I have a two dimensional dataset which comes from prior statistical analysis. Each point $(x_n,y_n)$ in the dataset has an error estimate $\sigma_{x,n}, \sigma_{y,n}$ for both coordinates. The $x_n$ are proportions and by definition in $(0,1)$ and the $y_n$ are growth rates, and tend to be in the range of $(-0.02,0.06)$. From both theoretical considerations and eye-balling the plot, it looks like there is a linear relationship between the coordinates.
I want to find the line $y = \hat{a}x + \hat{b}$ of best fit for this dataset, with estimates of uncertainty for both $\hat{a}$ and $\hat{b}$. What are the standard (or best?) ways to do this?
What I tried so far
Currently I am using least squares weighted by $\frac{1}{\sqrt{\sigma_{x,n}^2 + \sigma_{y,n}^2}}$.
In particular, with polyfit function from numpy, I do the following:
[a,b], [[a_v,ab_v],[_,b_v]] = \
np.polyfit(x_data,y_data,1,w=1/np.sqrt(y_err**2 + x_err**2),full=False,cov=True)
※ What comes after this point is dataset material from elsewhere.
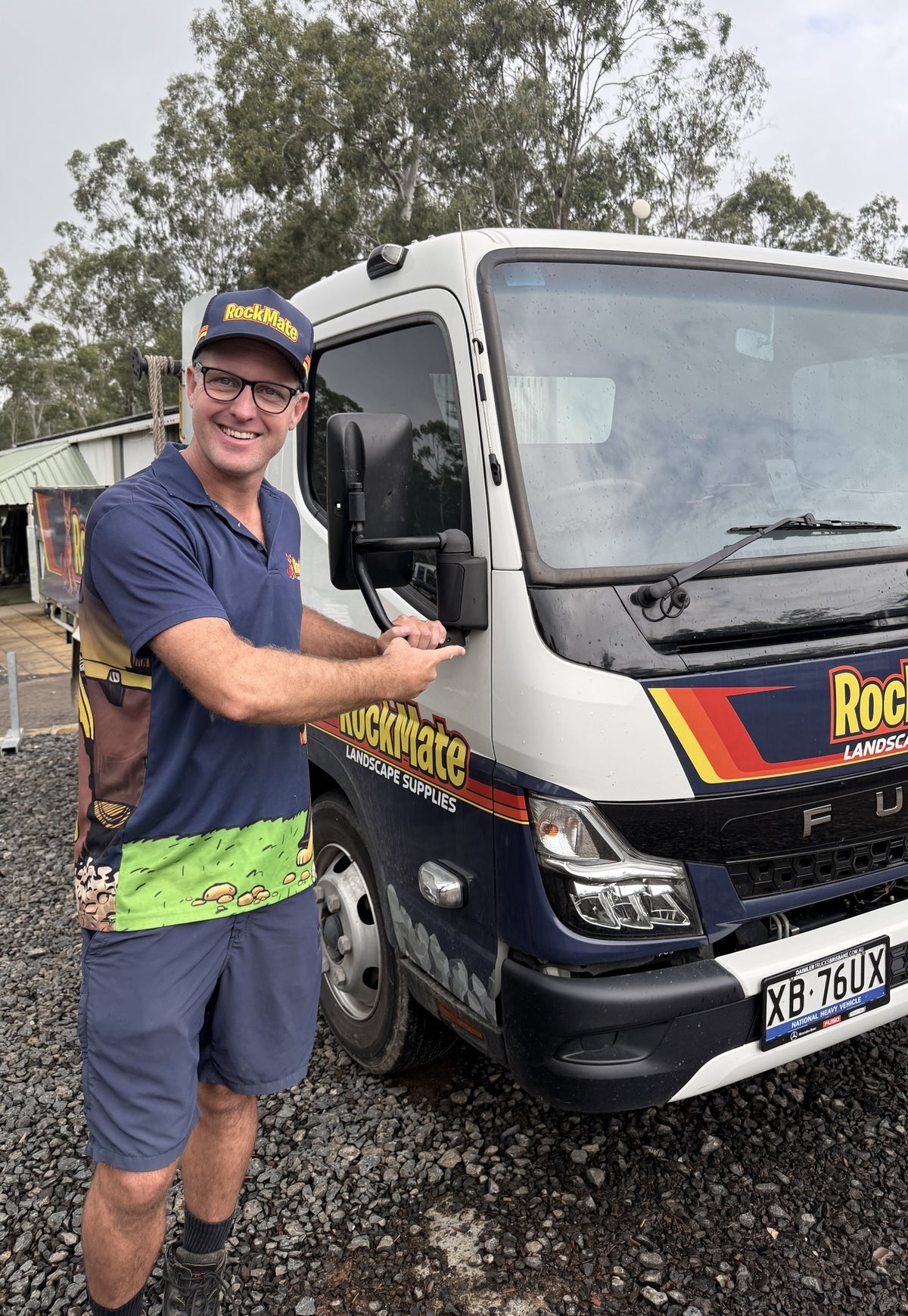 Rockmate driver with a Fuso tipper in the yard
Where I interpret the square roots of a_v
and b_v
as my erors on $\hat{a}$ and $\hat{b}$. I've seen this sort of technique used before, but I understand that it can be very sensitive to outliers. Alternatively, I've considered getting error estimates through bootstrapping or jackknifing, this eliminates -- to some extent -- the need to get an error estimate from my fit, but it still forces me to choose some method of finding a line of best fit, and is computationally more intensive (especially if I start resampling on the raw data and not on the output of prior statistical analyses).